Ellen Forte and M. Christina Schneider
Since 2020 states and educators have begun to ramp up conversations that our current standards and assessment systems divorce our assessment systems from curriculum, instruction, and how students learn. We are possibly seeing a renaissance in the redesign of assessments along with the rejection of some dearly held beliefs about what high quality assessments look like. After we provide a brief history of how we got here, we characterize the problem, and then offer a few ideas about how to fix our foundation to better support students as they climb the stairway to a better tomorrow.

A Brief History of How We Got Here
A seismic shift in U.S. federal education policy beginning in the early 1990s obliged states to (a) build content standards to define the scope of the mathematics, English language arts, and science domains students are expected to learn, (b) establish performance standards to characterize what that learning should look like across a range of sophistication in these domains, and (c) create assessments for each domain that yield scores for use in accountability calculations. In addition to its application to all rather than just some students, this tri-part package was intended to improve achievement through the alignment among the component parts. That is, by setting clear expectations for all students, measuring student performance in relation to those expectations at the end of each year, and holding schools and districts accountable for that performance, we would improve student achievement, particularly among traditionally marginalized groups: English learners and students of color, in poverty, and with disabilities.
The Problem: Embedded Fragmentation
In hindsight, we can see that things have not worked out that way. The experts who build curricula, the experts who provide instruction, and the experts who build tests generally function in silos. They may share common curriculum standards, but not necessarily common understanding and interpretations of them: U.S. Federal Education policy never established a cohesive vision of learning targets beyond the standards themselves. So, the intended alignment of curriculum, instruction, and assessment failed from the outset.

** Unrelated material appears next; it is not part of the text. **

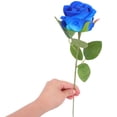 thumbnail image 5 of STRANDCHIC Cloth and Plastic Blue Roses, Realistic Touch for Home and Event Decoration, 12Pcs, 5 of 8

States and assessment developers often share too little common ground about how assessment alignment to standards should be implemented (Forte, 2017). Performance standards as depicted through Range achievement level descriptors (RALDs, Egan et al., 2012) are rarely validated (Schneider et al., 2021) or used to investigate if teachers are providing students rigorous opportunities to learn. Teachers often interpret content standards differently from their intended interpretation and as a result, may measure student learning in the classroom at a lower level of rigor than what states expect (Hall, 2020). They may inconsistently interpret standards with multiple-parts or ignore some parts altogether (Llosa, 2005), and may assign student work (Moss, Brookhart, & Long, 2013) and administer assessments that bear little connection to the rigorous standards-based learning goals that we assume are guiding classroom instruction. Teachers may have some support from the curricula their administrators adopt, but at least one study suggests that some materials teachers use may lead them astray (Polikoff, & Dean, 2019).
What is particularly unhelpful is the commonly held notion that content standards are supposed to function like a checklist to drive curriculum, instruction, and assessment and are entirely separate from performance standards or the integration with other standards. Standards are not of equal weight (Schneider & Johnson, 2019). Because students need to be able to integrate certain concepts and skills to be ready for the next grade, it is important to consider how separate—yet equally important—standards fuse together across the year in one grade and serve as a foundation for the next grade.

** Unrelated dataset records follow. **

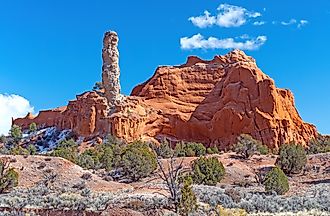 Limestone Pinnacle Protruding From a Sandstone Ridge in Kodachrome Basin State Park in Utah. 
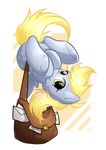  2014 bag blonde_hair cutie_mark derpy_hooves_(mlp) equine female feral friendship_is_magic hair letter looking_at_viewer mammal messenger_bag my_little_pony pegasus secret-pony solo upside_down wings yellow_eyes 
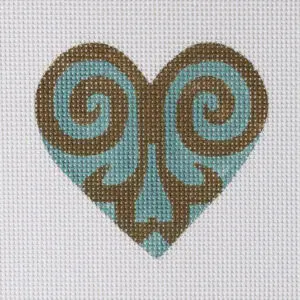 Sage Teal Heart Mini-3 3/4” x 3 1/2"-13 Mesh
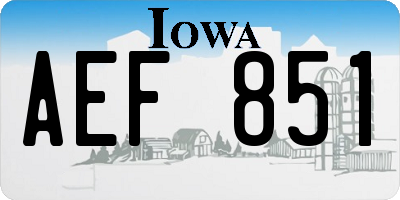 IA license plate AEF851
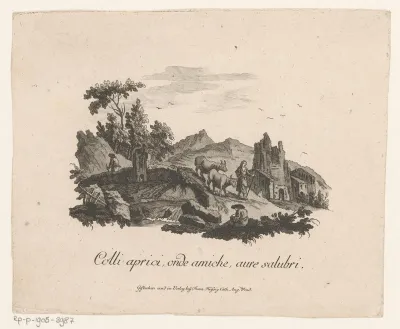 Berglandschap met herderin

Second, validated performance standards (e.g., Reporting RALDs) are central for connecting curriculum, instruction, and assessment. It is not possible to interpret proficiency in the content standards or build tests – either in the classroom or at the large-scale assessment level – that capture the full range of expected student thinking in the content area without some version of them. Performance standards as required under U.S. federal education policy are supposed to define the levels and ranges of sophistication (Schneider & Egan, 2014) and are helpful to teachers when also translated into examples of student work (Hansche, 1998; Schneider and Andrade, 2013). States seldom release examples of student work and the lack of examples of tasks along a learning continuum aligned to RALDs contributes to the lack of alignment between what educators are doing in classrooms and what test developers elicit on tests.

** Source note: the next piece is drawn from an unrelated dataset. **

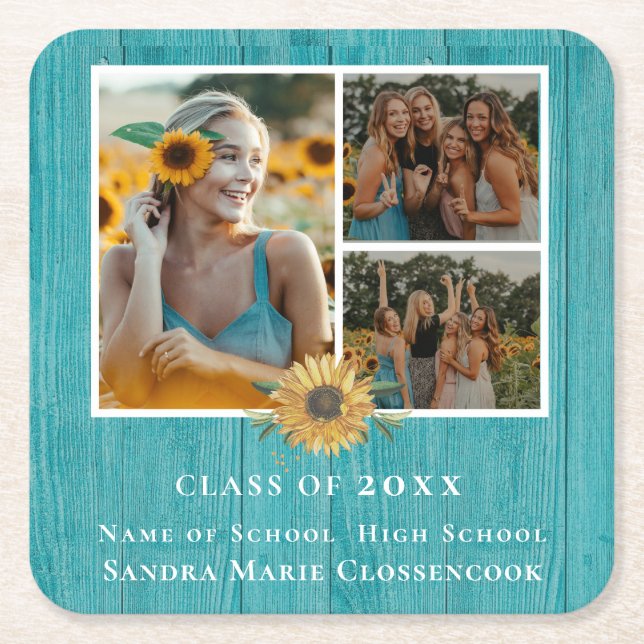 3 Photo collage Sunflower Yellow graduation Party  Square Paper Coaster (Front)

Third, disassociating content standards from performance standards (that is RALDs) contributes to the lack of connection between alignment and standard setting when these aspects of test design should, in fact, be part of the same thing. Alignment is supposed to mean that both instruction and assessment provide sufficient (that is multiple) opportunities for students to demonstrate what they know and can do across the full range of the performance continuum. That is, alignment is intended to help teachers, curriculum developers, and test developers better understand the intent of the standards and how students often develop the skills to get there, emperically. This is the heart of both having an opportunity to learn and an opportunity to show what you know. The alignment evaluation methods we have relied upon for decades have treated individual content standards as discrete elements and ignored the performance standards altogether. How can one say that a test is aligned to the standards without explicitly providing alignment and empirical evidence that the tasks align to the performance standards in truth?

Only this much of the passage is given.